Anwalt Martin Clausnitzer
Martin Clausnitzer, Fachanwalt für Steuerrecht aus Freiburg im Breisgau, kämpft gegen die von 27 auf 25 Jahre herabgesetzte Altersgrenze für Kindergeld. Er betreut ein Verfahren beim Bundesfinanzhof und unterstützte den Kläger des aktuellen Verfahrens beim Bundesverfassungsgericht (Az. 2 BvR 646/14). Im Interview mit test.de erklärt Clausnitzer, warum er die rückwirkende Beschränkung des Kindergeldanspruchs für verfassungsrechtlich bedenklich hält.
Herabsetzung der Altersgrenze aus finanziellen Gründen
Das Bundesverfassungsgericht wird sich erneut mit der Frage beschäftigen, ob die herabgesetzte Altersgrenze beim Kindergeld verfassungswidrig ist. Was ist Ihre Einschätzung in der Sache?
Clausnitzer: Ich halte es für ein rechtsstaatliches Unding, dass der Gesetzgeber die Herabsetzung der Altersgrenze schlicht aus finanziellen Gründen verfügt hat und nicht wegen einer Änderung des Bildungssystems oder einer tatsächlichen Verkürzung der Ausbildungszeiten. Heute weiß man, dass der Bologna-Prozess keineswegs erfolgreich verlaufen ist und auch die Abkehr vom Turbo-Abi zeigt, dass die Verschlankung der Ausbildung zum Teil gravierende Nachteile mit sich bringt, Auslandsaufenthalte behindert und individuelle Wege der Ausbildung ignoriert. Die rückwirkende Beschränkung des Kindergeldanspruchs „mit der Keule“ durchzusetzen, halte ich deshalb für verfassungsrechtlich äußerst bedenklich – und zudem politisch für das völlig falsche Signal.
Betroffene sollten Ruhen des Verfahrens beantragen
Was können betroffene Eltern tun?
Clausnitzer: Eltern, die durch die Änderung schlechter gestellt sind und weniger Jahre von Kindergeld und Kinderfreibeträgen profitieren, sollten gegen die Bescheide der Kindergeldstelle und des Finanzamts in der Frist von einem Monat Einspruch einlegen.

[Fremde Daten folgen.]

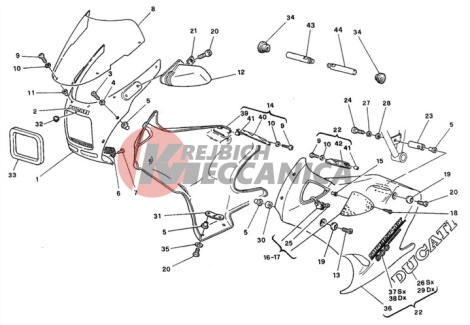 FAIRING DM 024037>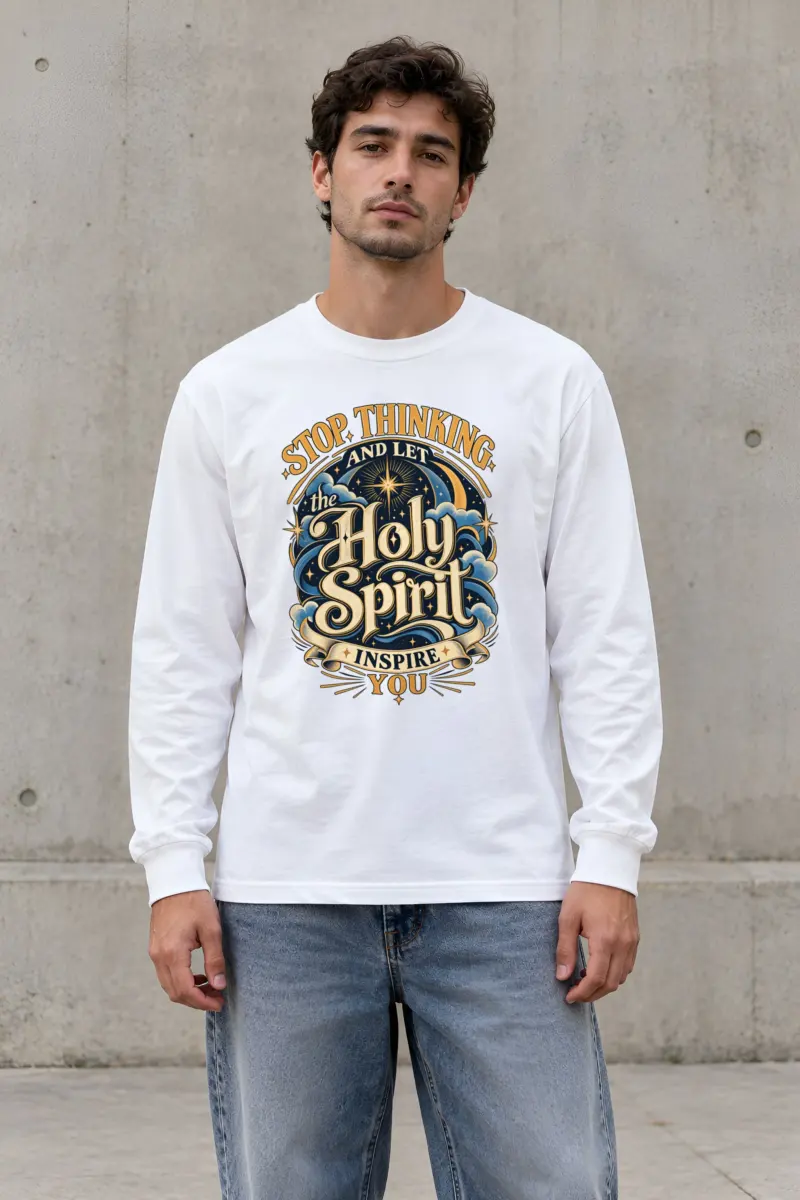 "Let The Holy Spirit Inspire You" Unisex Longsleeve T-shirt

Sie sollten dabei auf das Verfahren vor dem Bundesverfassungsgericht hinweisen und das Ruhen des Verfahrens beantragen.
Kann die Kindergeldstelle oder das Finanzamt das Ruhen des Verfahrens ablehnen?
Clausnitzer: Eigentlich nicht, weil der Einspruch sich auf ein laufendes Verfahren bei einem obersten Bundesgericht stützt – ausgeschlossen ist das aber nicht.
Was passiert, wenn eine Behörde das Ruhen des Verfahrens ablehnt?
Clausnitzer: Dann müssen die Betroffenen gegen den Bescheid vor dem Finanzgericht klagen.